Data listing ->
□ □ □ □
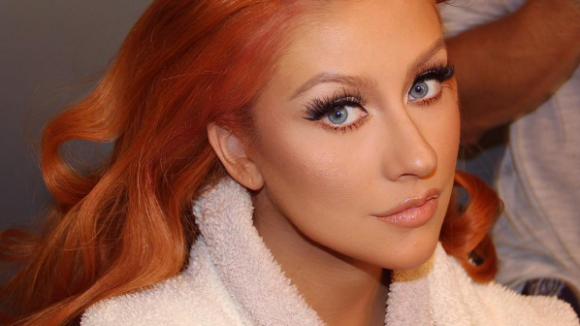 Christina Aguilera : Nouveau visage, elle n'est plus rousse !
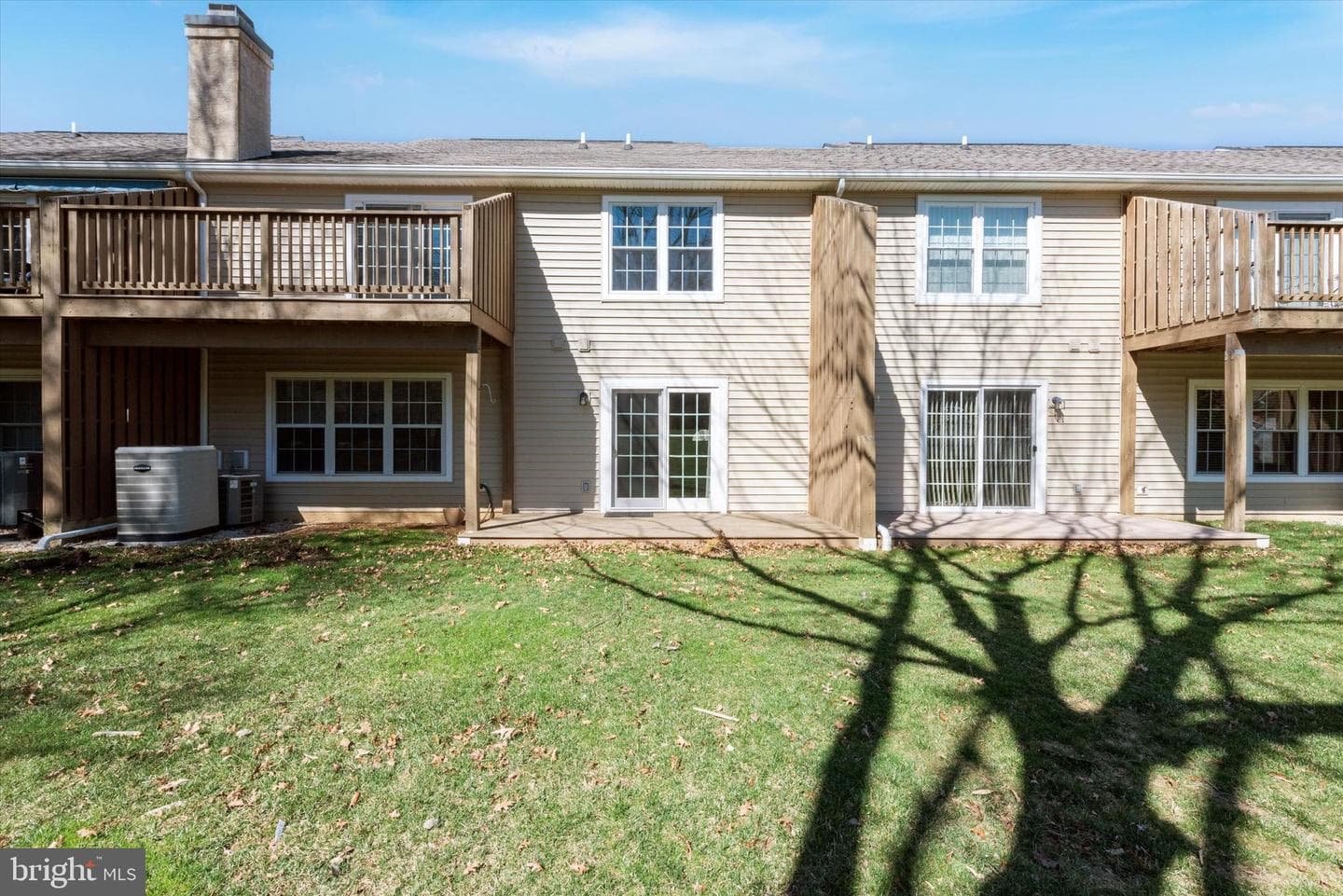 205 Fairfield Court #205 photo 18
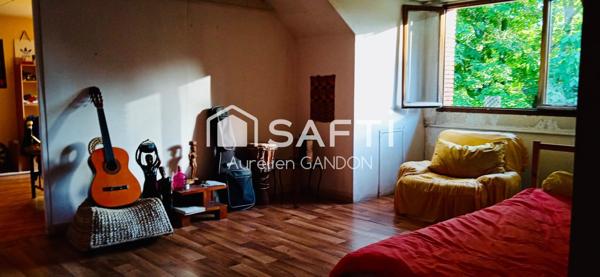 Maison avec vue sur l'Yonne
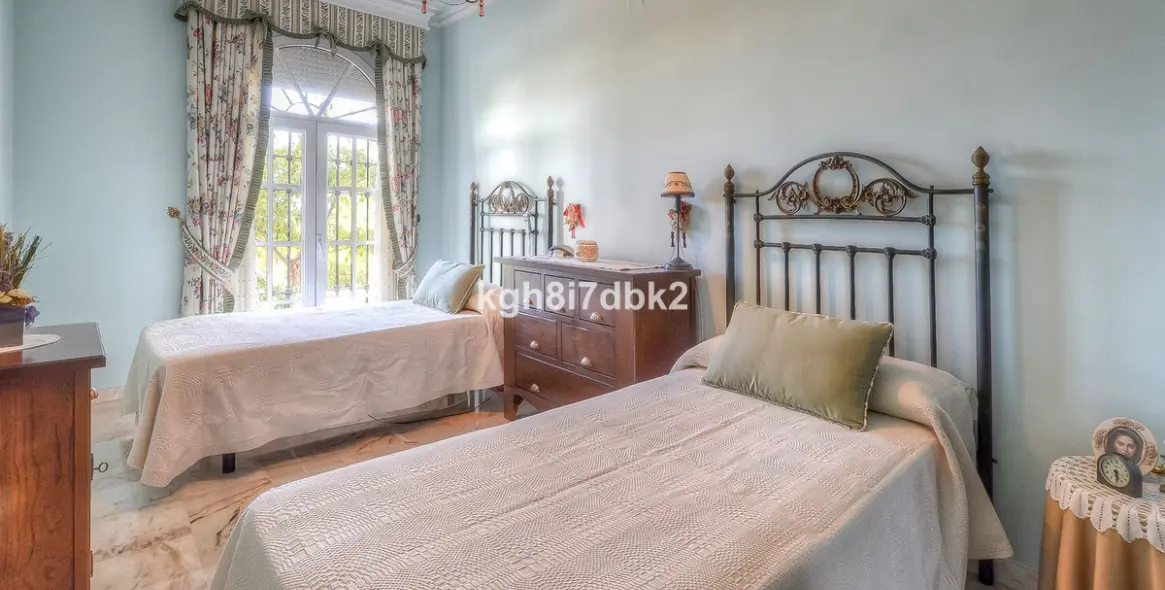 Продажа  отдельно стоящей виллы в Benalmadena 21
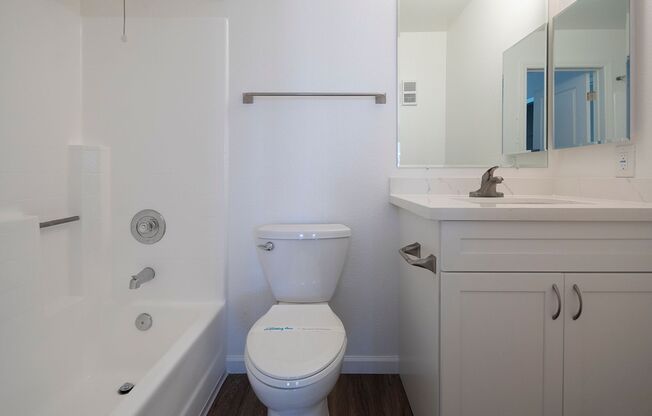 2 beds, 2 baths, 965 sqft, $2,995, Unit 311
□ □ □ □
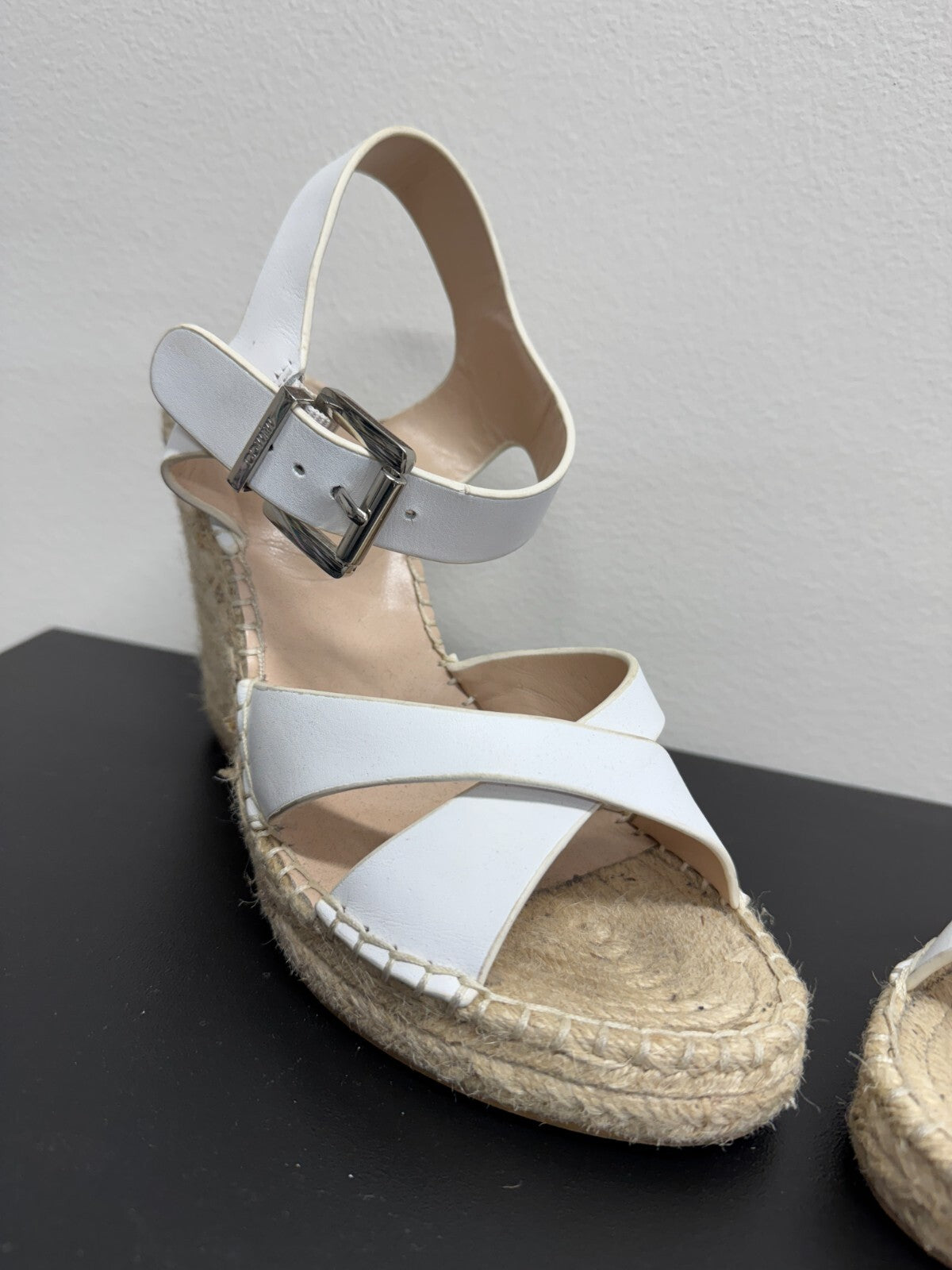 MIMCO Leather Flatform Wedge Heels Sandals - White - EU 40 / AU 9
□ □ □ □
What you have to do -> The stretch to restate runs from the line above containing "Maison avec vue sur l'Yonne" through the line containing "2 beds, 2 baths, 965 sqft, $2,995, Unit 311". Copy it word for word, ends included, without pictures.

Task response ->
 Maison avec vue sur l'Yonne
 Продажа  отдельно стоящей виллы в Benalmadena 21
 2 beds, 2 baths, 965 sqft, $2,995, Unit 311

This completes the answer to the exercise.